Moreover, Mench is not shy about his desire to return to the Rangers. He and his wife live in the Dallas-Fort Worth area. He added that he feels the poor relationship with former Rangers manager Buck Showalter played a big role in his trade to Milwaukee last season.
"It's different coming home and not being a part of that club," he said. "It's tough. The cause that made me leave is gone now so I would love to come back. Let me tell you, I got more letters from fans this winter asking me to come back. I would have never expected that type of reception. It means a lot that the community has taken so well to me. I will never leave. I'm always going to keep my roots here and raise my kids here."
Jenkins downplayed the situation.
"It is what is and you just have to go and do your job when you are asked to," he said. "That's it. We just have to move forward."
Cordero comes home: Like Mench, Brewers closer Francisco Cordero spent part of the afternoon Friday chatting up with his former Rangers teammates. Cordero shined in the Rangers bullpen from 2000 to 2006 before the trade to Milwaukee.

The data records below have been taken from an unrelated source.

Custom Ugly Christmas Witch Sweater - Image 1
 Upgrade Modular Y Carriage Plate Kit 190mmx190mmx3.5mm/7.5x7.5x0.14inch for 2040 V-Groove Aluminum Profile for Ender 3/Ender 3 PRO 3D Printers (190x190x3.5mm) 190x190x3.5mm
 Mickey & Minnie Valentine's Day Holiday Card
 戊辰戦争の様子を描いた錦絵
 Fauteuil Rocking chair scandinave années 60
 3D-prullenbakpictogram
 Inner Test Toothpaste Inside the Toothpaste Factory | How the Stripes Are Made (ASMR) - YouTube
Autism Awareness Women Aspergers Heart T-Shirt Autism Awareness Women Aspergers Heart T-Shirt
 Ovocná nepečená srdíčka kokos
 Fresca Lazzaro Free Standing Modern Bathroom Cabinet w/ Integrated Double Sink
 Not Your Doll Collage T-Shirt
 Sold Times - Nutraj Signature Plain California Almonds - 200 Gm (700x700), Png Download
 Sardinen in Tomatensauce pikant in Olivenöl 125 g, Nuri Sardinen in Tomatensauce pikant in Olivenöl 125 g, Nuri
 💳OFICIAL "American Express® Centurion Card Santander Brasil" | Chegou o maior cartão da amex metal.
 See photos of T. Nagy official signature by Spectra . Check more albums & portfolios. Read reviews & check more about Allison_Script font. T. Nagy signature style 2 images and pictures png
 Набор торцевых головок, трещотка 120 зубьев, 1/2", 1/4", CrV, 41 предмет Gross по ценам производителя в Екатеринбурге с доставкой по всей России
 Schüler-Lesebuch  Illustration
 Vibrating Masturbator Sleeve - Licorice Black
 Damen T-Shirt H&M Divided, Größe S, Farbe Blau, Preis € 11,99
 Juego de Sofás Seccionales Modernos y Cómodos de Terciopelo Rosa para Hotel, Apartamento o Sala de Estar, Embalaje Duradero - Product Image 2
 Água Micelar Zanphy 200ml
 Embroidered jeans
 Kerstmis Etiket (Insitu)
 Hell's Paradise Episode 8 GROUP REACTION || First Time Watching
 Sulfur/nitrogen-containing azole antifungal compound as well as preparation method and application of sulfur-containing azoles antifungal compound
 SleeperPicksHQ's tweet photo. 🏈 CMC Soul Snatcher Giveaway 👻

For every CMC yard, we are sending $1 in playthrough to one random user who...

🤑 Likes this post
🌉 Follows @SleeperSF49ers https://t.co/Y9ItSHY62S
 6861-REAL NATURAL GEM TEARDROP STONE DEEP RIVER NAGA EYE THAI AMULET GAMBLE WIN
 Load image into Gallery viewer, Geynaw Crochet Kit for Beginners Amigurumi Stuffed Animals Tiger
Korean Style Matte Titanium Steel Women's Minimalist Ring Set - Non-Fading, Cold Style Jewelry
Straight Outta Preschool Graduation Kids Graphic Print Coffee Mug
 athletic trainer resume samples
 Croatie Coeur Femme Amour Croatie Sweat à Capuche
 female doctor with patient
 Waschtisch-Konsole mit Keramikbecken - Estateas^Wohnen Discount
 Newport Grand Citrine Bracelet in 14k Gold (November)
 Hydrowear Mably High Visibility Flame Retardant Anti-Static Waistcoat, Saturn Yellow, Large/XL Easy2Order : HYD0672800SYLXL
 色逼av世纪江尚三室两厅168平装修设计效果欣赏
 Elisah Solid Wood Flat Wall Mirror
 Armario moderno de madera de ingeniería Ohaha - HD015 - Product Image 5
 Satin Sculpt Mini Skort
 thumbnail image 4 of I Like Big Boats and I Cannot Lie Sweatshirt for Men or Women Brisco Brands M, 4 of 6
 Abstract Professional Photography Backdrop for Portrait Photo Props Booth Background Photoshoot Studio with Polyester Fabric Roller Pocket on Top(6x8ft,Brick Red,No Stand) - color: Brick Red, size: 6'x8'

"It's a little weird being with a team for seven years and then coming back against them, but otherwise everything is fine," Cordero said. "I feel good with my new team and I really enjoy being here. [I'm] looking forward to Opening Day and seeing what is going happen."
This spring, Cordero posted a 2.57 ERA in seven innings for the Brewers. He struck out five and walked one batter in seven appearances.
"I felt pretty good this spring and overall, I think we have a pretty good bullpen," he said. "We have a solid staff and good hitters. I think we have a good chance to win the division."
That's good news for Cordero and the Brewers. The 2007 campaign could be his last in Milwaukee. Cordero will become a free agent at the end of the season.
"I'm not going to worry about being a free agent because all I have to worry about is doing my job," he said. "It's not something that is on my mind and I'm not thinking I have to do a good job because I'm a free agent. I have to do a good job because that's what I am paid to do.
"I'm not going to talk about it," he continued. "My numbers are going to talk and my agent is going to do the other part."
Good run: Left-hander Joe Thatcher traveled with the team to Texas but has been told he will start the year at Double-A Huntsville, assistant general manager Gord Ash said.
"I enjoyed it," said Thatcher, who was promoted to big-league camp on March 15. "I think I came out and was aggressive, and that was important to me."
Thatcher got a rare mid-spring invitation to big-league camp and did not allow a run until his fourth appearance, on Tuesday against Oakland. He surrendered back-to-back home runs.
"It looks to us like he's going to have a future as a left-handed reliever at the Major League level," Yost said. "He's not young in terms of age, but in terms of experience, we've never seen him. We figured, let's take a look at him."
Slow start: The Brewers plan to use Corey Hart as the primary right fielder, but he led the club with 18 strikeouts this spring versus just one home run. Many of Hart's strikeouts were called, Yost noticed.
"He's not seeing the ball too good. [He] is thinking too much," said Yost, who insisted he's not concerned. "His history has been ... that he's really struggled at first and then really taken off."
Back off: Brewers starters dropped back to the 65-pitch range in their final spring tune-ups. It was part of pitching coach Mike Maddux's plan to have them feeling strong for the start of the season.
"You're getting their work in without overextending them," Yost said. "The first time or two they [throw 100 pitches] it's like, 'Whoa. What is that?' So you back them off a little bit, and then they're used to it."
Jesse Sanchez is a reporter for MLB.com. This story was not subject to the approval of Major League Baseball or its clubs.